YOUR ASSIGNMENT:
An exact, complete copy of the entries is what is needed.

============

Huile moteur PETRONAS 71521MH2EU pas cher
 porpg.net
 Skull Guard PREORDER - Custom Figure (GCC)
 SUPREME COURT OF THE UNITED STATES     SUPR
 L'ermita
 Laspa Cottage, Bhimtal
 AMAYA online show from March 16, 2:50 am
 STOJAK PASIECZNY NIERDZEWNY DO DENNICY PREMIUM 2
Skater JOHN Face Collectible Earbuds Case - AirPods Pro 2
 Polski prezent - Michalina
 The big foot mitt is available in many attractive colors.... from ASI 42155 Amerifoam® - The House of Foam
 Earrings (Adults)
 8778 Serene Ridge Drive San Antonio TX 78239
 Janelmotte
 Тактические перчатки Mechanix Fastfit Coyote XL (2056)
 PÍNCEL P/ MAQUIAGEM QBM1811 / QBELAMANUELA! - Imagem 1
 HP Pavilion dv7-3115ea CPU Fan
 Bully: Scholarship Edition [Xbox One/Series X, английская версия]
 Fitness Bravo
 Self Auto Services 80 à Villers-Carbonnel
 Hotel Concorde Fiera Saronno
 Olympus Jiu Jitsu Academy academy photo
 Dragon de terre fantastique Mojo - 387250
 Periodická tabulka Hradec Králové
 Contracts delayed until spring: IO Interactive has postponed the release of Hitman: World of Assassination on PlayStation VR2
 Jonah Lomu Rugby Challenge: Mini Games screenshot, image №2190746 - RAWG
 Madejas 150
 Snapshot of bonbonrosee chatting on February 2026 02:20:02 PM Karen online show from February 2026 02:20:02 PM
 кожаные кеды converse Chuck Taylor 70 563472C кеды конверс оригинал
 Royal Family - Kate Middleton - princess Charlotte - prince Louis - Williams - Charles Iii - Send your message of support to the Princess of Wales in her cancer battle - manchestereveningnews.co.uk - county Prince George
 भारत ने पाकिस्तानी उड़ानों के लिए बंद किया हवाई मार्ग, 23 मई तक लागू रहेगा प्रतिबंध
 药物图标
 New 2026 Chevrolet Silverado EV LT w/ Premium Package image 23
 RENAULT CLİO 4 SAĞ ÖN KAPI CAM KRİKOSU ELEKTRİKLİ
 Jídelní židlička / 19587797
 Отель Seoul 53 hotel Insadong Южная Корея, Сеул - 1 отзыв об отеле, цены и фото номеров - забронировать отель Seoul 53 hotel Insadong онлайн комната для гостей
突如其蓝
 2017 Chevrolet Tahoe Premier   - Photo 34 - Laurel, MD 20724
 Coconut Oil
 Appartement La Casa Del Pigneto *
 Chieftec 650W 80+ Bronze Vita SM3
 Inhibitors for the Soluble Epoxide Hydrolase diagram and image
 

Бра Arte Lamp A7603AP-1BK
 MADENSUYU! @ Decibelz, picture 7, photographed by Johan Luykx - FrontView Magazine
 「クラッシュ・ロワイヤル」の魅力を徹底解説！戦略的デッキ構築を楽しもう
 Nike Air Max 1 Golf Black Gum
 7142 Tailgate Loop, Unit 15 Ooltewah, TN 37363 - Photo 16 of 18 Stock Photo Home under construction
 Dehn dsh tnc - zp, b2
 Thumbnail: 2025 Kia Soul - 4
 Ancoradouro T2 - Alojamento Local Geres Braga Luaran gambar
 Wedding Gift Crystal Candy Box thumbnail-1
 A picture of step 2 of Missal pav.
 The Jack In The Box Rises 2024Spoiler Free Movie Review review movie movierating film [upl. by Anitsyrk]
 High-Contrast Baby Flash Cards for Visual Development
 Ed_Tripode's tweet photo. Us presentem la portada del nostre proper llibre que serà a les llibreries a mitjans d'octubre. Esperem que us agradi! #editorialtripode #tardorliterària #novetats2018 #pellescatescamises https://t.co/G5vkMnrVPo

============

RESULT:
Huile moteur PETRONAS 71521MH2EU pas cher
 porpg.net
 Skull Guard PREORDER - Custom Figure (GCC)
 SUPREME COURT OF THE UNITED STATES     SUPR
 L'ermita
 Laspa Cottage, Bhimtal
 AMAYA online show from March 16, 2:50 am
 STOJAK PASIECZNY NIERDZEWNY DO DENNICY PREMIUM 2
Skater JOHN Face Collectible Earbuds Case - AirPods Pro 2
 Polski prezent - Michalina
 The big foot mitt is available in many attractive colors.... from ASI 42155 Amerifoam® - The House of Foam
 Earrings (Adults)
 8778 Serene Ridge Drive San Antonio TX 78239
 Janelmotte
 Тактические перчатки Mechanix Fastfit Coyote XL (2056)
 PÍNCEL P/ MAQUIAGEM QBM1811 / QBELAMANUELA! - Imagem 1
 HP Pavilion dv7-3115ea CPU Fan
 Bully: Scholarship Edition [Xbox One/Series X, английская версия]
 Fitness Bravo
 Self Auto Services 80 à Villers-Carbonnel
 Hotel Concorde Fiera Saronno
 Olympus Jiu Jitsu Academy academy photo
 Dragon de terre fantastique Mojo - 387250
 Periodická tabulka Hradec Králové
 Contracts delayed until spring: IO Interactive has postponed the release of Hitman: World of Assassination on PlayStation VR2
 Jonah Lomu Rugby Challenge: Mini Games screenshot, image №2190746 - RAWG
 Madejas 150
 Snapshot of bonbonrosee chatting on February 2026 02:20:02 PM Karen online show from February 2026 02:20:02 PM
 кожаные кеды converse Chuck Taylor 70 563472C кеды конверс оригинал
 Royal Family - Kate Middleton - princess Charlotte - prince Louis - Williams - Charles Iii - Send your message of support to the Princess of Wales in her cancer battle - manchestereveningnews.co.uk - county Prince George
 भारत ने पाकिस्तानी उड़ानों के लिए बंद किया हवाई मार्ग, 23 मई तक लागू रहेगा प्रतिबंध
 药物图标
 New 2026 Chevrolet Silverado EV LT w/ Premium Package image 23
 RENAULT CLİO 4 SAĞ ÖN KAPI CAM KRİKOSU ELEKTRİKLİ
 Jídelní židlička / 19587797
 Отель Seoul 53 hotel Insadong Южная Корея, Сеул - 1 отзыв об отеле, цены и фото номеров - забронировать отель Seoul 53 hotel Insadong онлайн комната для гостей
突如其蓝
 2017 Chevrolet Tahoe Premier   - Photo 34 - Laurel, MD 20724
 Coconut Oil
 Appartement La Casa Del Pigneto *
 Chieftec 650W 80+ Bronze Vita SM3
 Inhibitors for the Soluble Epoxide Hydrolase diagram and image
 

Бра Arte Lamp A7603AP-1BK
 MADENSUYU! @ Decibelz, picture 7, photographed by Johan Luykx - FrontView Magazine
 「クラッシュ・ロワイヤル」の魅力を徹底解説！戦略的デッキ構築を楽しもう
 Nike Air Max 1 Golf Black Gum
 7142 Tailgate Loop, Unit 15 Ooltewah, TN 37363 - Photo 16 of 18 Stock Photo Home under construction
 Dehn dsh tnc - zp, b2
 Thumbnail: 2025 Kia Soul - 4
 Ancoradouro T2 - Alojamento Local Geres Braga Luaran gambar
 Wedding Gift Crystal Candy Box thumbnail-1
 A picture of step 2 of Missal pav.
 The Jack In The Box Rises 2024Spoiler Free Movie Review review movie movierating film [upl. by Anitsyrk]
 High-Contrast Baby Flash Cards for Visual Development
 Ed_Tripode's tweet photo. Us presentem la portada del nostre proper llibre que serà a les llibreries a mitjans d'octubre. Esperem que us agradi! #editorialtripode #tardorliterària #novetats2018 #pellescatescamises https://t.co/G5vkMnrVPo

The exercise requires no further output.